In a competitive battle for the biggest debut album by an artist from north-west England, Manchester’s Oasis emerged victorious with their 1994 release Definitely Maybe, beating off The Beatles’ Please Please Me and The Stone Roses self-titled first release.

Sheffield’s Arctic Monkeys claimed the top debut for an artist from the area of Yorkshire and the Humber, with their 2006 classic album Whatever People Say I Am, That’s What I’m Not.

The Mercury Prize-winning album, which includes the hit tracks I Bet You Look Good On The Dancefloor and When The Sun Goes Down, saw off competition from the Kaiser Chiefs’ Employment and ABC’s The Lexicon Of Love.

While Stoke-On-Trent-born singer Williams has taken the title of most successful debut by an artist from the West Midlands for his first solo album Life Thru A Lens.

After releasing the record in 1997, which is home to some of his best-loved tracks including Angels and Let Me Entertain You, he firmly established himself as a solo artist following his departure from Take That.

In the battle for Greater London, Leona Lewis has beaten off competition from the Spice Girls and Dido to claim the title of most successful debut album by an artist from the capital for her 2007 release Spirit.

While Bangor-born Duffy claims the title for an artist from Wales with her 2008 release Rockferry.

Among the other most successful debuts by Welsh artists were Word Gets Around by Stereophonics, Generation Terrorists by Manic Street Preachers and Voice Of An Angel by Charlotte Church.

The top Northern Ireland debut album was claimed by Call Off By The Search by Katie Melua, who grew up in Belfast.

Other notable debuts by artists from the region include 1977 by Ash and Tourist History by Two Door Cinema Club.

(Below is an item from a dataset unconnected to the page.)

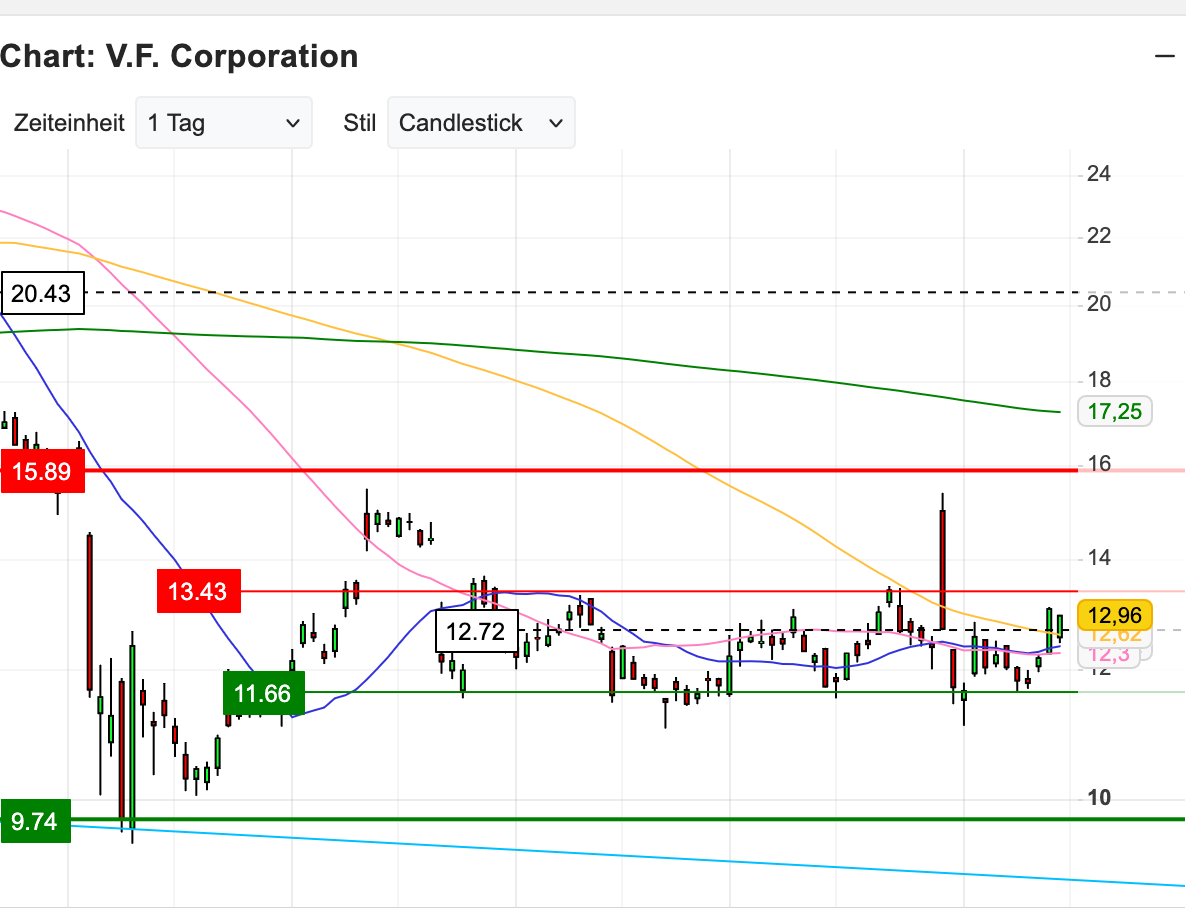 2025-QV-GDAXi-DJ-GOLD-EURUSD-JPY 1491810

Hampshire-born singer James Blunt has taken home the title for biggest debut by an artist from the South East, with his 2004 album Back To Bedlam – which includes the global hit You’re Beautiful.

Released in the same year as Blunt’s album, East Sussex band Keane’s Hopes And Fears finished narrowly behind as did Tubular Bells, the 1973 debut from Reading multi-instrumentalist Mike Oldfield.

James Morrison, who grew up in Cornwall, lands the top debut by an artist from the south west of England with his 2006 release Undiscovered.

The region’s other top debuts include albums by Bristol’s Massive Attack for Blue Lines and Devon’s Muse for Showbiz.

Growing up in south Cambridgeshire, Sam Smith emerges triumphant with the top debut by an artist from East of England with his 2014 release In The Lonely Hour, beating off fellow singer superstars Ed Sheeran for Plus and George Ezra for Wanted On Voyage.

In the East Midlands, Kasabian’s 2004 self-titled album came out on top with the help of popular tracks L.S.F. (Lost Souls Forever) and Cutt Off.

Meanwhile, the North East’s top debut belongs to Newcastle upon Tyne duo Lighthouse Family with their 1995 album Ocean Drive.

Geoff Taylor, chief executive of BPI & Brit Awards, and Kim Bayley, chief executive of EMA – the organisations behind National Album Day, said jointly: “The special bond that exists between an artist and fan is an intimate journey that usually starts with a debut album that often touches on shared experiences and stories.

“As this survey shows, it’s a journey rooted across all parts of the UK, typically reflecting local styles and sounds and drawing on cultural reference points that they may have in common.”

National Album Day, which is taking place on October 15, celebrates the art form of the album and this year has “debut albums” as its theme.